Fig. 2. Stratigraphic column and reservoir-caprock assemblages in the thrust belt of southern Junggar Basin.
The complexity of tectonic and structural styles, and the development of abnormal high-pressure zones make hydrocarbon accumulation conditions in this area complicated, and the exploration process tortuous. Before 2008, oil and gas exploration activities were mainly concentrated in the middle and upper assemblages. Small and medium-sized oil and gas fields were discovered in a small range in the structural highs in the middle assemblage, and no large oil and gas fields were found yet [15]. After the year of 2008, oil and gas exploration gradually shifted to the lower assemblage. In 2010 to 2012, wells XH1, DF1, and DS1 were drilled in the lower assemblage consecutively, but all failed to discover oil and gas.

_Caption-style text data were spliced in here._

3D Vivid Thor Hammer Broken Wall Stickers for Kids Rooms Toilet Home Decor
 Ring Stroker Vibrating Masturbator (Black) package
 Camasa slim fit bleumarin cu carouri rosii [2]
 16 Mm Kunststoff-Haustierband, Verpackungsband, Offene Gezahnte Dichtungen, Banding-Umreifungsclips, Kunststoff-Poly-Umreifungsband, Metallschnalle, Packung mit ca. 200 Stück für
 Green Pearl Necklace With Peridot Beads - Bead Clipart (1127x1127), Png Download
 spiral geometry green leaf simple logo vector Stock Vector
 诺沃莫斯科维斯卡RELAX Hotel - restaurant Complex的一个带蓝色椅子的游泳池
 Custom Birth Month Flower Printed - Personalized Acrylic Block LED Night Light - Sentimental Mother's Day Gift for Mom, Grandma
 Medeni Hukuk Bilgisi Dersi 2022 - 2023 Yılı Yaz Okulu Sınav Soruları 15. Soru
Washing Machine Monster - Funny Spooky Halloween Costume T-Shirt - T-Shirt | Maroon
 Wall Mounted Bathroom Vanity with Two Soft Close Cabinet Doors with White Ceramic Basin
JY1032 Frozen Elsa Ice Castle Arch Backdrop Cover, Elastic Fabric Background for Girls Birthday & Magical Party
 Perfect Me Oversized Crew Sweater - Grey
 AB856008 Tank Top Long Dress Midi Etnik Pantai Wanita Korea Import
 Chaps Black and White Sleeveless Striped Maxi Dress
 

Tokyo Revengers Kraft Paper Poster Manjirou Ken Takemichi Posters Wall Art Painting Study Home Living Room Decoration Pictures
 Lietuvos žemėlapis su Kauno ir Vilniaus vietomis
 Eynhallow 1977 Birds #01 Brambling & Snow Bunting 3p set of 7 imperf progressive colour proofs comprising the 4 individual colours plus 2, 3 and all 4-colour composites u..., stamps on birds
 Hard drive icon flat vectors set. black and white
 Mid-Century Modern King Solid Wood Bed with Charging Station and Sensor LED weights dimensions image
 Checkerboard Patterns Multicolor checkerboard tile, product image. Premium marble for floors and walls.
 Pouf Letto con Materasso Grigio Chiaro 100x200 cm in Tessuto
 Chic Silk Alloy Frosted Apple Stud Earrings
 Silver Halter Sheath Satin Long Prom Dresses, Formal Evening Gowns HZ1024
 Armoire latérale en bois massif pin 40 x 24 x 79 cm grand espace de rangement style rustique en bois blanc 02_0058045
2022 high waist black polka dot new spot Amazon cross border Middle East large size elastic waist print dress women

Until Well GT1 in 2019 and Well HT1 in 2020 tapped high-yield oil and gas flow in the lower assemblage, confirming the broad oil and gas exploration prospect of the lower assemblage and promoting the exploration there [15]. One of the most distinct characteristics of the lower assemblage is the development of strong overpressure. It is of great significance for exploration and evaluation of the lower assemblage to figure out the characteristics, origins and distribution patterns of the overpressure, the controlling effect of overpressure evolution on hydrocarbon accumulation.

2. Overpressure

From the measured formation pressure, drilling fluid density data, it is found abnormal high-pressure is universally developed in the thrust belt of southern Junggar, and overpressure is mainly distributed in Paleogene, Lower Cretaceous, and Middle-Lower Jurassic, but the overpressure in different regions and strata vary greatly in development degree (Fig. 3). To describe the overpressure intensity more accurately, the overpressure division scheme of Li et al. [16] is adopted in this paper, that is, the pressure coefficient from 0.9 to 1.2 is defined as normal pressure, and that greater than 1.2 as overpressure. More specifically, the pressure coefficient of 1.2-1.6 is defined as weak overpressure, 1.6-2.0 as strong overpressure, and that greater than 2.0 as extremely strong overpressure.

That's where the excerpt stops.